ALL ADULTS HERE, by Emma Straub. (Riverhead, 384 pp., $17.) After she sees an acquaintance of 40 years (whom she never liked) get hit by a school bus, a widow decides to tell her grown children about her affair with her female haircutter in Straub’s comic fourth novel, which our reviewer, Stephen McCauley, called “bigly entertaining.”
HOW TO PRONOUNCE KNIFE: Stories, by Souvankham Thammavongsa. (Back Bay, 192 pp., $15.99.) Thanks to their author’s “gift for the gently absurd,” as our reviewer, Sarah Resnick, put it, the stories in this heart-wrenching debut collection by a Canadian poet born to Laotian refugees — a National Book Critics Circle Award finalist — “never feel dour or predictable, even when their outcomes are by some measure bleak.”
FIRE IN PARADISE: An American Tragedy, by Alastair Gee and Dani Anguiano. (Norton, 272 pp., $16.95.) According to our reviewer, Rachel Monroe, this “gripping account” of the November 2018 Camp Fire — which killed 85 people and destroyed 90 percent of the homes in and around Paradise, Calif. — has “the narrative propulsion and granular detail of the best breaking-news disaster journalism.”

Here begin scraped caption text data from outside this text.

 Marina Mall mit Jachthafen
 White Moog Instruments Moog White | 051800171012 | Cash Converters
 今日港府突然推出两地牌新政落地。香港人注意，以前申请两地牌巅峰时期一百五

NOBODY WILL TELL YOU THIS BUT ME: A True (as Told to Me) Story, by Bess Kalb. (Vintage, 224 pp., $16.) “Narrated” by her late grandmother as woman-to-woman advice, Kalb’s “oral history” of her family’s journey from Russia’s pogroms to the American dream pays particular attention, our reviewer, Miranda Popkey, noted, to the uniquely special relationship “that skips a generation.”

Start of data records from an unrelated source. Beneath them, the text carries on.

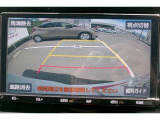 バックガイドモニターで、後方を確認しながら安心して駐車することができます。運転初心者も熟練者も必須の機能ですよ!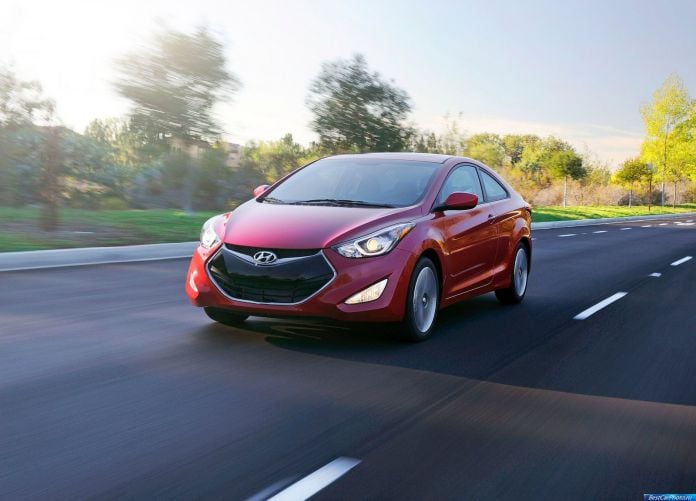 2014 Hyundai Elantra Coupe - фотография 5 из 25
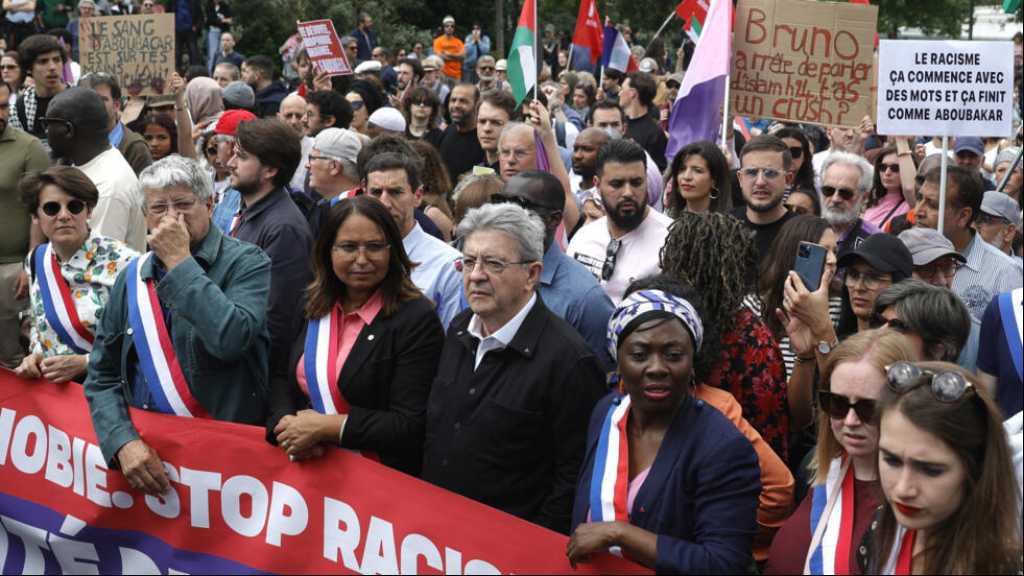 Plusieurs milliers de manifestants contre l’islamophobie à Paris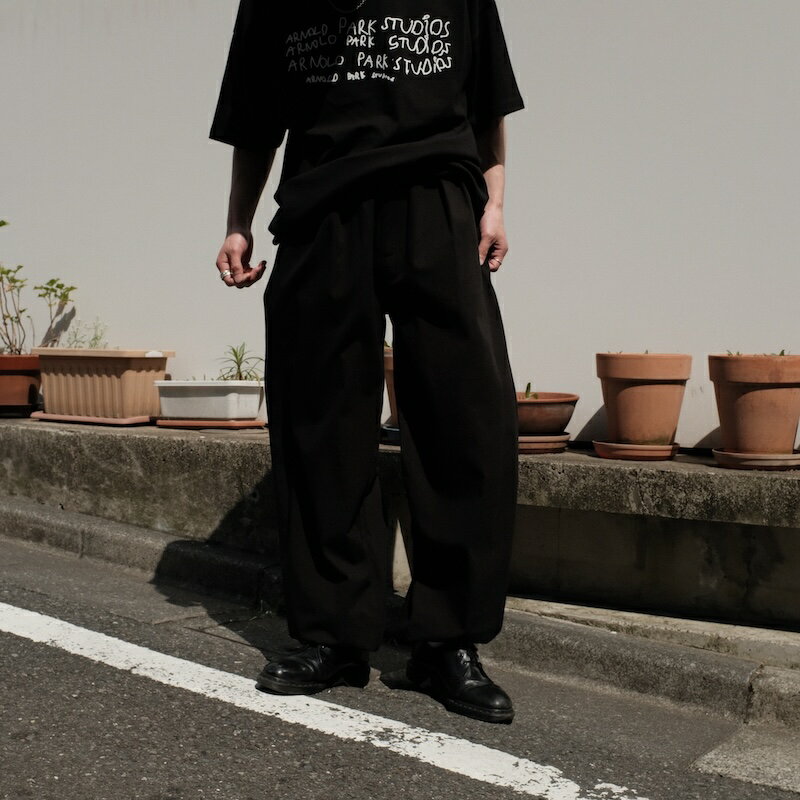 INTODUSK / GATHER DRAWSTRING PANT BLACK 25SS 送料無料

RED DRESS IN BLACK AND WHITE, by Elliot Ackerman. (Vintage, 336 pp., $16.) In this “superbly written,” “entirely absorbing” novel set amid the Gezi Park protests in Istanbul, the unstable marriage of a debt-ridden Turkish real estate developer and an American art patron mirrors “a whole country’s instability,” our reviewer, Joan Silber, observed, as well as the “web of interests and counterinterests” in which the country is embroiled.